Tech

OpenAI launches preview of Codex AI SWE agent for builders

May 16, 2025

998

[ad_1]

Join our every day and weekly newsletters for the newest updates and unique content material on industry-leading AI protection. Learn More

Surprise! Just days after reviews emerged suggesting OpenAI was shopping for white-hot coding startup Windsurf, the previous firm seems to be launching its personal competitor service as a analysis preview underneath its model identify Codex, going head-to-head towards Windsurf, Cursor, and the rising record of AI coding instruments supplied by startups and enormous tech firms together with Microsoft and Amazon.

Unlike OpenAI’s earlier Codex code completion AI mannequin, the brand new model is a full cloud-based AI software program engineering (SWE) agent constructed atop a fine-tuned model of OpenAI’s o3 reasoning mannequin that may execute a number of improvement duties in parallel.

Starting immediately it is going to be accessible for ChatGPT Pro, Enterprise, and Team customers, with assist for Plus and Edu customers anticipated quickly.

Codex’s evolution: from mannequin to autonomous AI coding agent

This launch marks a major step ahead in Codex’s improvement. The unique Codex debuted in 2021 as a mannequin for translating pure language into code accessible by means of OpenAI’s nascent utility programming interface.

It was the engine behind GitHub Copilot, the favored autocomplete-style coding assistant designed to work inside IDEs like Visual Studio Code.

That preliminary iteration targeted on code technology and completion, skilled on billions of strains of public supply code.

However, the early model got here with limitations. It was vulnerable to syntactic errors, insecure code strategies, and biases embedded in its coaching knowledge. Codex sometimes proposed superficially appropriate code that failed functionally, and in some circumstances, made problematic associations primarily based on prompts.

Despite these flaws, it confirmed sufficient promise to ascertain AI coding instruments as a quickly rising product class. That unique mannequin has since been deprecated and became the identify of a brand new suite of merchandise, in keeping with an OpenAI spokesperson.

GitHub Copilot formally transitioned off OpenAI’s Codex mannequin in March 2023, adopting GPT-4 as a part of its Copilot X improve to allow deeper IDE integration, chat capabilities, and extra context-aware code strategies.

Agentic visions

The new Codex goes far past its predecessor. Now constructed to behave autonomously over longer durations, Codex can write options, repair bugs, reply codebase-specific questions, run assessments, and suggest pull requests—every process operating in a safe, remoted cloud sandbox.

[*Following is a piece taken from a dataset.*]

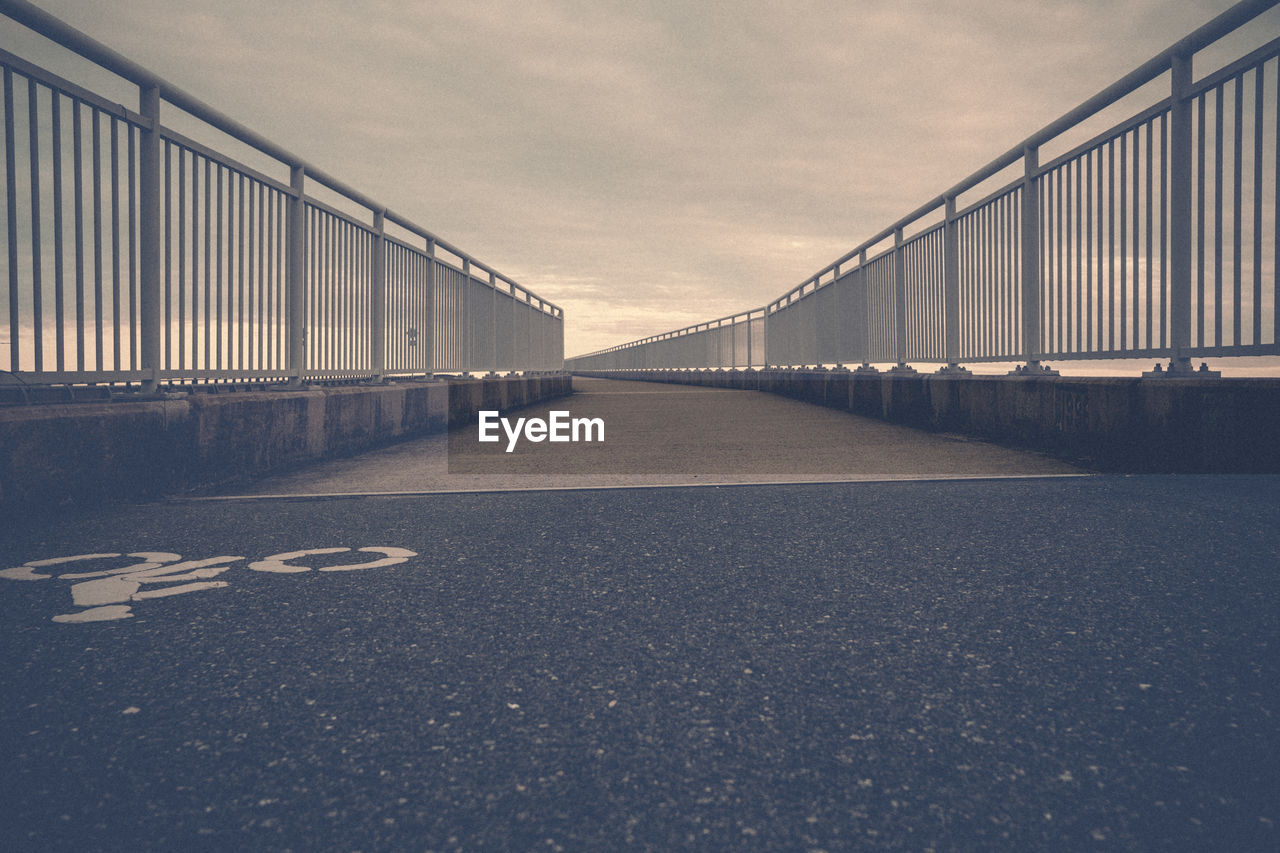 Empty bridge against sky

The design displays OpenAI’s broader ambition to maneuver past fast solutions and into collaborative work.

Josh Tobin, who leads the Agents Research Team at OpenAI, mentioned throughout a current briefing: “We think of agents as AI systems that can operate on your behalf for a longer period of time to accomplish big chunks of work by interacting with the real world.” Codex suits squarely into this definition. “Our vision is that ChatGPT will become almost like a virtual coworker—not just answering quick questions, but collaborating on substantial work across a range of tasks,” he added.

Figures launched by OpenAI present that the brand new Codex-1 SWE agent outperforms all of OpenAI’s newest reasoning fashions on inside SWE duties.

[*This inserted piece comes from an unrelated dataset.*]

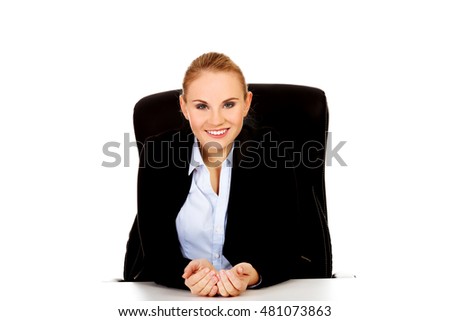 Happy business woman sitting behind the desk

New capabilities, new interface, new workflows

Codex duties are initiated by means of a sidebar interface in ChatGPT, permitting customers to immediate the agent with duties or questions.

The agent processes every request in an air-gapped surroundings loaded with the consumer’s repository and configured to reflect the event setup. It logs its actions, cites take a look at outputs, and summarizes modifications—making its work traceable and reviewable.

Alexander Embiricos, head of OpenAI’s Desktop & Agents crew (and the previous CEO and co-founder of screenshare collaboration startup Multi that OpenAI acquired for an undisclosed sum final 12 months) mentioned in a briefing with journalists that “the Codex agent is a cloud-based software engineering agent that can work on many tasks in parallel, with its own computer to run safely and independently.”

Internally, he mentioned, engineers already use it “like a morning to-do list—fire off tasks to Codex and return to a batch of draft solutions ready to review or merge.”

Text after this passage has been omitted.